Maram KAIRÉ - C'est un réveil pour le continent et le spatial est devenu une ambition africaine. Pendant longtemps, on a estimé que le spatial coûtait cher, était technologiquement inaccessible aux Africains et que le continent avait d'autres préoccupations plus urgentes.
Mais en regardant les objectifs de développement durable fixés par les Nations Unies, on peut remarquer que les pays les plus avancés sont ceux qui ont misé sur le spatial. Cela a conduit à cette prise de conscience que cette activité pouvait soutenir les urgences auxquelles doit faire face l'Afrique. Les satellites permettent de mieux surveiller les frontières et d'améliorer la sécurité de nos territoires par les satellites. L'Afrique est une terre d'agriculture par excellence et en utilisant les données satellitaires, il est possible d'accroître la productivité du continent de façon considérable. Les satellites de télécommunications peuvent faciliter l'enseignement à distance. Dans le domaine de la santé, le paludisme reste la maladie qui fait le plus de victimes à travers le monde, et plus particulièrement sur le continent africain. Grâce aux satellites, il est possible d'identifier les zones dotées d'eaux stagnantes et polluées, et les proliférations de moustiques qui conduisent au développement de ces épidémies.

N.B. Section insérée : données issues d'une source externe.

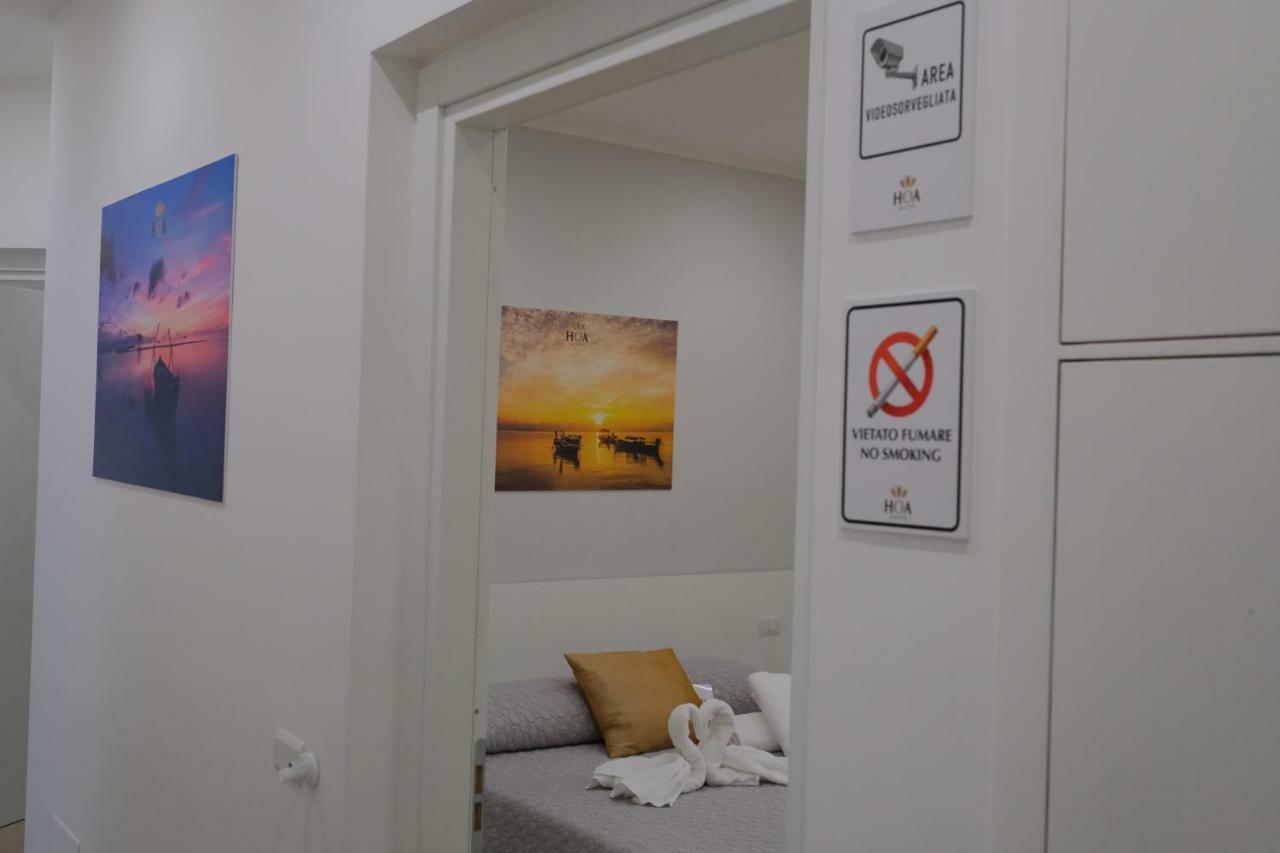 Hoa Suites アヴェルサ エクステリア 写真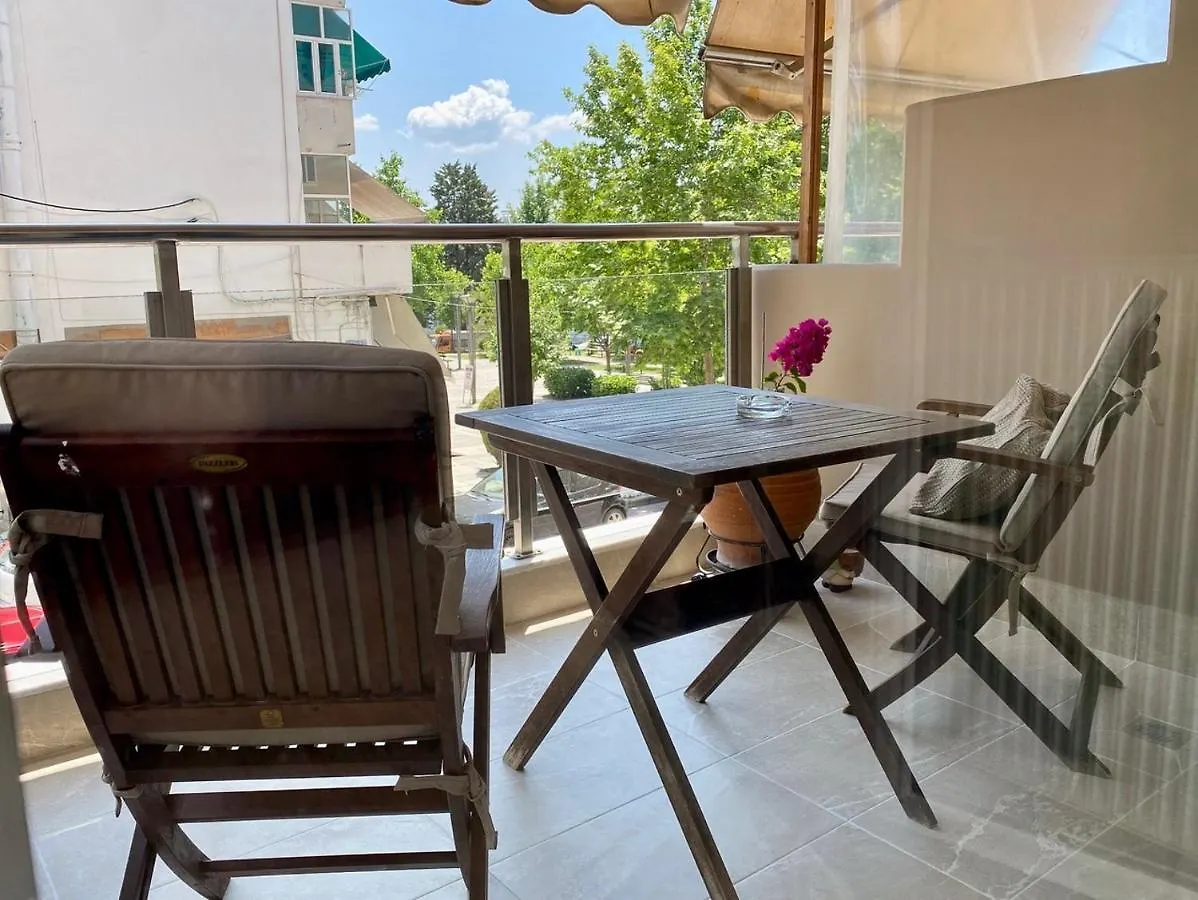 East Coast Thessaloniki Apartment Greece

En prenant conscience de toutes ces questions, les Africains ont reconsidéré leur position par rapport au spatial et veulent profiter de l'avènement du New Space où les satellites sont miniaturisés, les coûts sont réduits et la technologie accessible à nos universitaires ou à nos ingénieurs. C'est ce qui justifie depuis ces vingt dernières années le lancement d'une quarantaine de satellites depuis le continent africain. L'Afrique ne veut plus être un spectateur mais devenir un acteur dans le domaine du spatial.